DATASET EXTRACT:
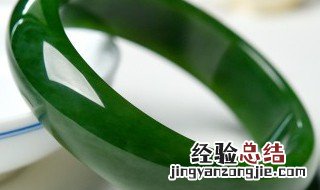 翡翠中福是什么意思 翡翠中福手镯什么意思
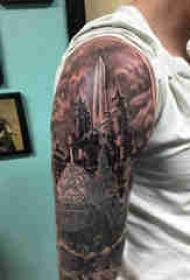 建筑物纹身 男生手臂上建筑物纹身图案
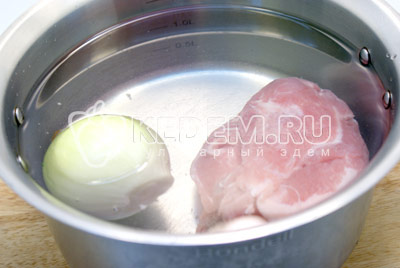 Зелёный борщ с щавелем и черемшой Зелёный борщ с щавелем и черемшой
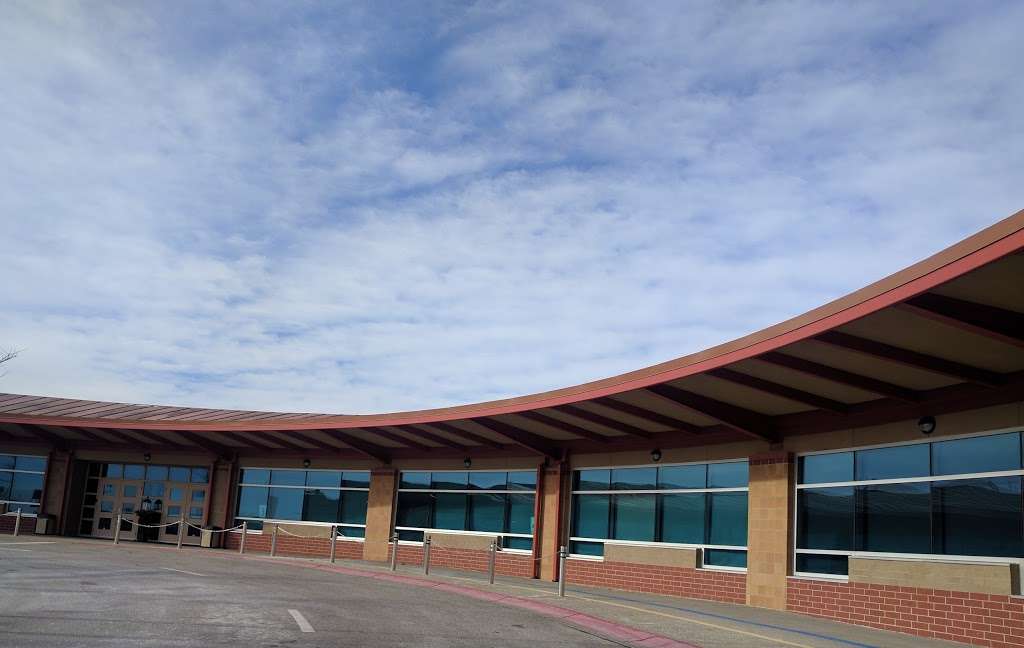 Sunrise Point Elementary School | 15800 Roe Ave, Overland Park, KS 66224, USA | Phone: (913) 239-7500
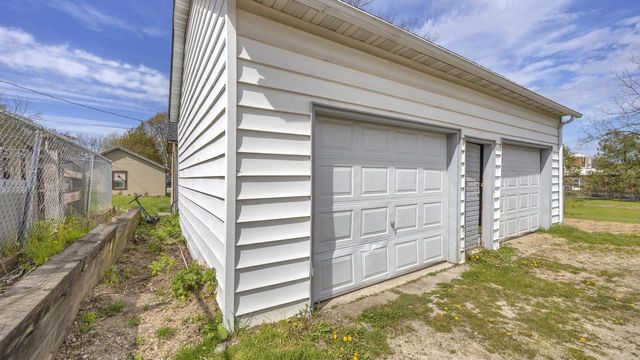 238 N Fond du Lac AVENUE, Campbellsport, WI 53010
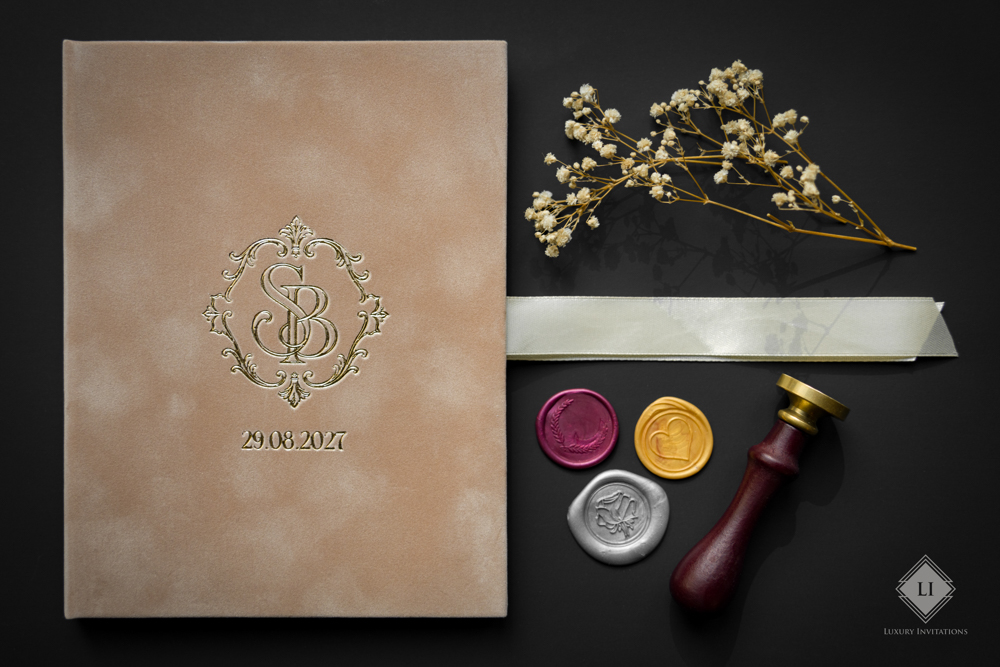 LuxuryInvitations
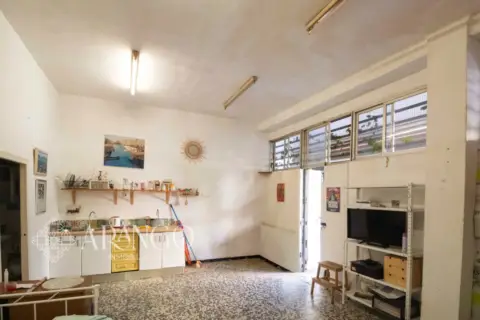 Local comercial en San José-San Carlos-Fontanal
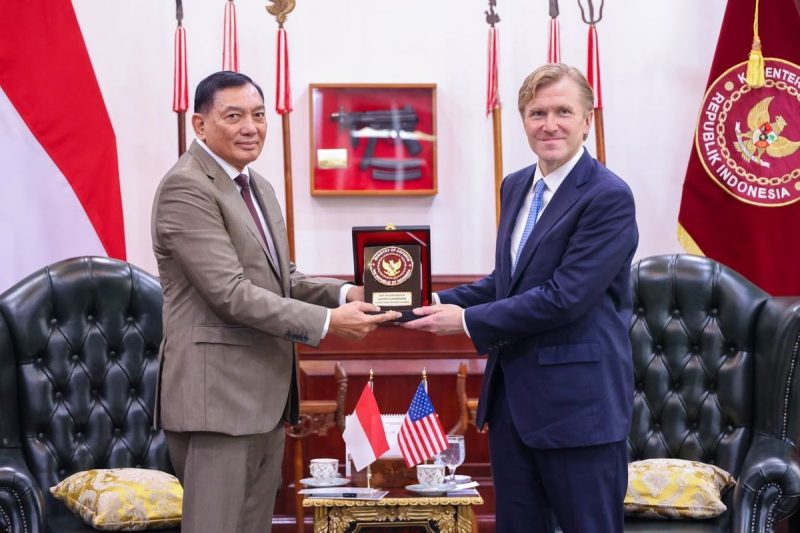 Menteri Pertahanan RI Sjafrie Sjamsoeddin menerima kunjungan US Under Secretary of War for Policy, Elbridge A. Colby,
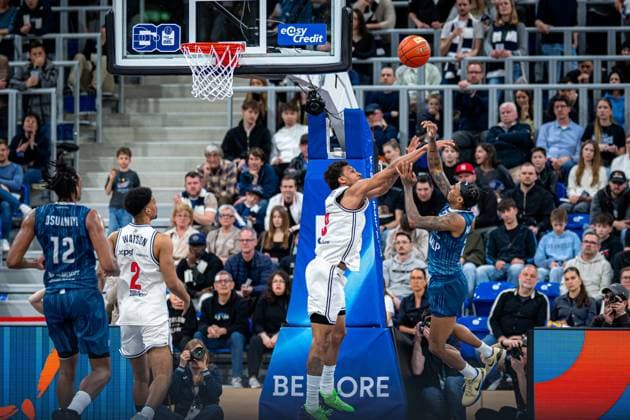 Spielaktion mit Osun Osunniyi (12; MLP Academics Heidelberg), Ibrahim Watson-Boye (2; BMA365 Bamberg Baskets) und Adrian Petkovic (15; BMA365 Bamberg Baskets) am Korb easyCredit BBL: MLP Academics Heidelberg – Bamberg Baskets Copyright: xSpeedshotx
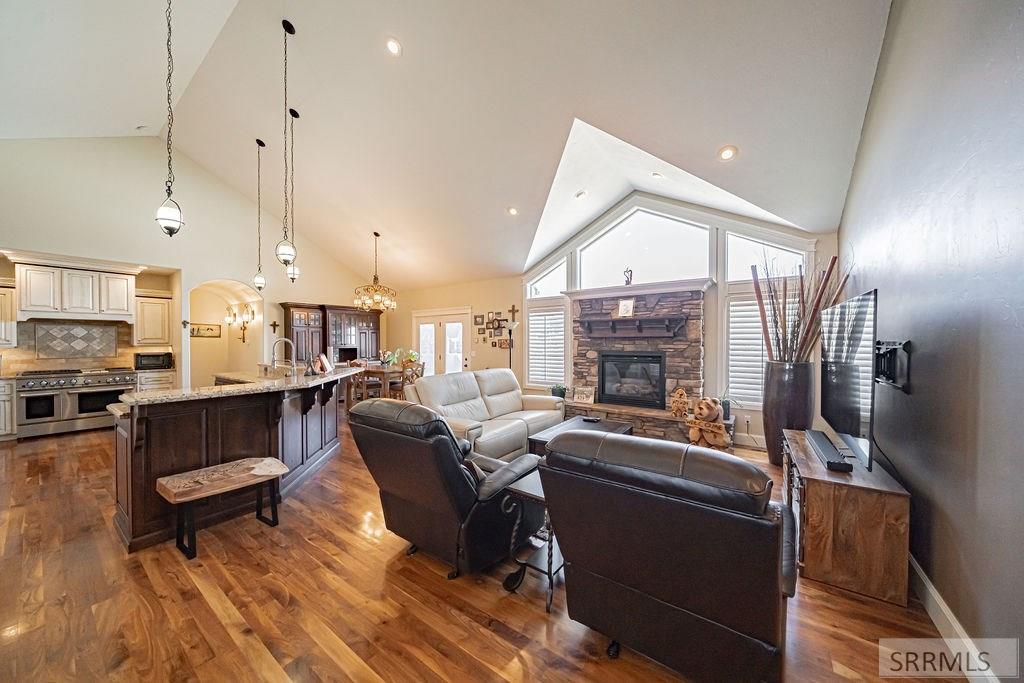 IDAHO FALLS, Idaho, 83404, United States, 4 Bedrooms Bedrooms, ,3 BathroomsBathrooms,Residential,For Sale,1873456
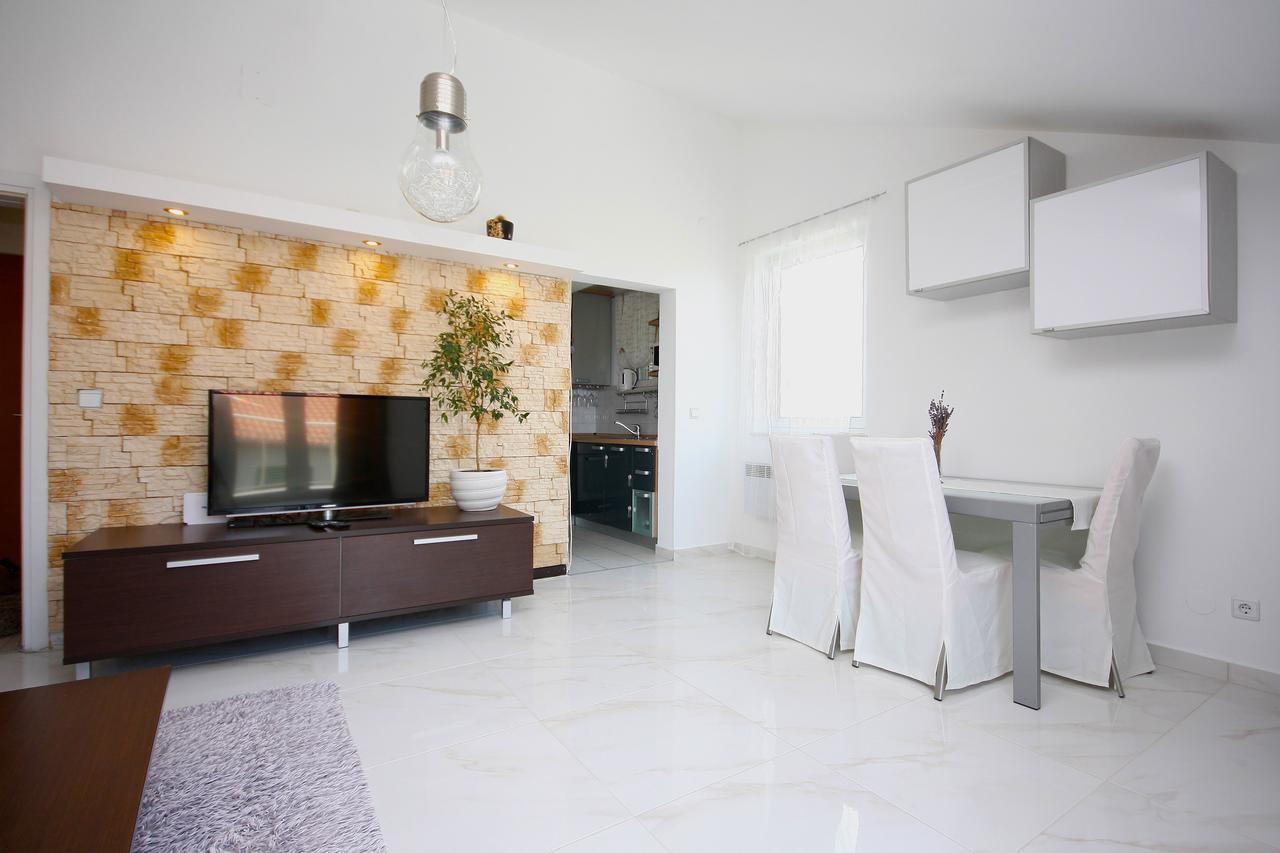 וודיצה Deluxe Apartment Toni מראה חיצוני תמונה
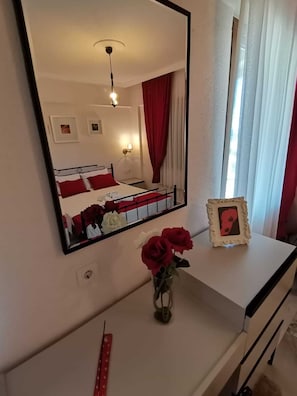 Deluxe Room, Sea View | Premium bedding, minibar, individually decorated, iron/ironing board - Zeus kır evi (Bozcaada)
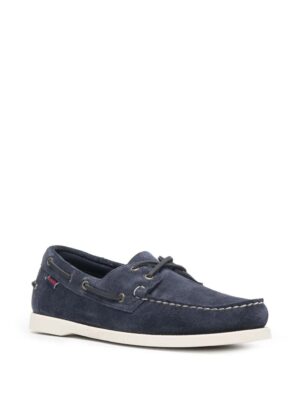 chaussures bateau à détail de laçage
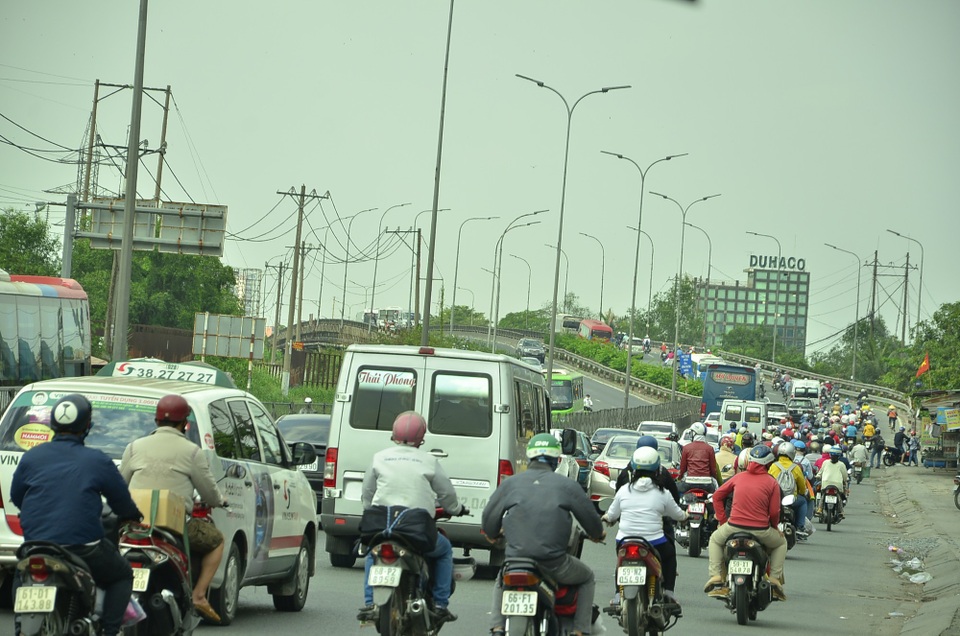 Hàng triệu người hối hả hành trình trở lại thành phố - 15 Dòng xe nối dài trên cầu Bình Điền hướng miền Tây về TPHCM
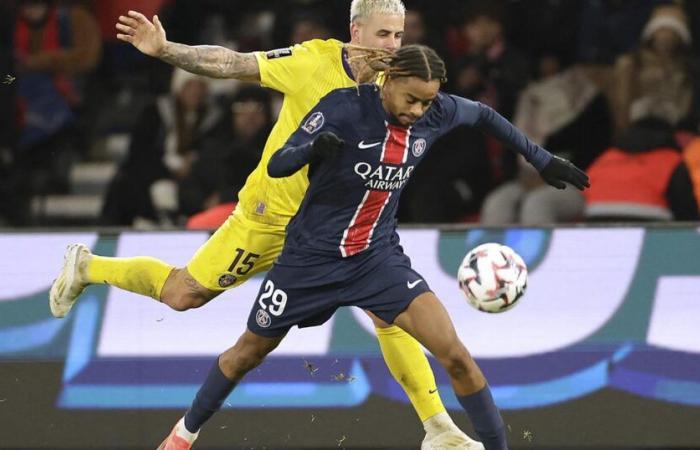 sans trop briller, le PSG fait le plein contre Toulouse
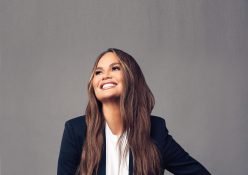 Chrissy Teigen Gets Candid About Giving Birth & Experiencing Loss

WHAT TO WORK ON:
The reply should repeat the listing above exactly and contain no pictures.

RESULT OF THIS TASK:
 翡翠中福是什么意思 翡翠中福手镯什么意思
 建筑物纹身 男生手臂上建筑物纹身图案
 Зелёный борщ с щавелем и черемшой Зелёный борщ с щавелем и черемшой
 Sunrise Point Elementary School | 15800 Roe Ave, Overland Park, KS 66224, USA | Phone: (913) 239-7500
 238 N Fond du Lac AVENUE, Campbellsport, WI 53010
 LuxuryInvitations
 Local comercial en San José-San Carlos-Fontanal
 Menteri Pertahanan RI Sjafrie Sjamsoeddin menerima kunjungan US Under Secretary of War for Policy, Elbridge A. Colby,
 Spielaktion mit Osun Osunniyi (12; MLP Academics Heidelberg), Ibrahim Watson-Boye (2; BMA365 Bamberg Baskets) und Adrian Petkovic (15; BMA365 Bamberg Baskets) am Korb easyCredit BBL: MLP Academics Heidelberg – Bamberg Baskets Copyright: xSpeedshotx
 IDAHO FALLS, Idaho, 83404, United States, 4 Bedrooms Bedrooms, ,3 BathroomsBathrooms,Residential,For Sale,1873456
 וודיצה Deluxe Apartment Toni מראה חיצוני תמונה
 Deluxe Room, Sea View | Premium bedding, minibar, individually decorated, iron/ironing board - Zeus kır evi (Bozcaada)
 chaussures bateau à détail de laçage
 Hàng triệu người hối hả hành trình trở lại thành phố - 15 Dòng xe nối dài trên cầu Bình Điền hướng miền Tây về TPHCM
 sans trop briller, le PSG fait le plein contre Toulouse
 Chrissy Teigen Gets Candid About Giving Birth & Experiencing Loss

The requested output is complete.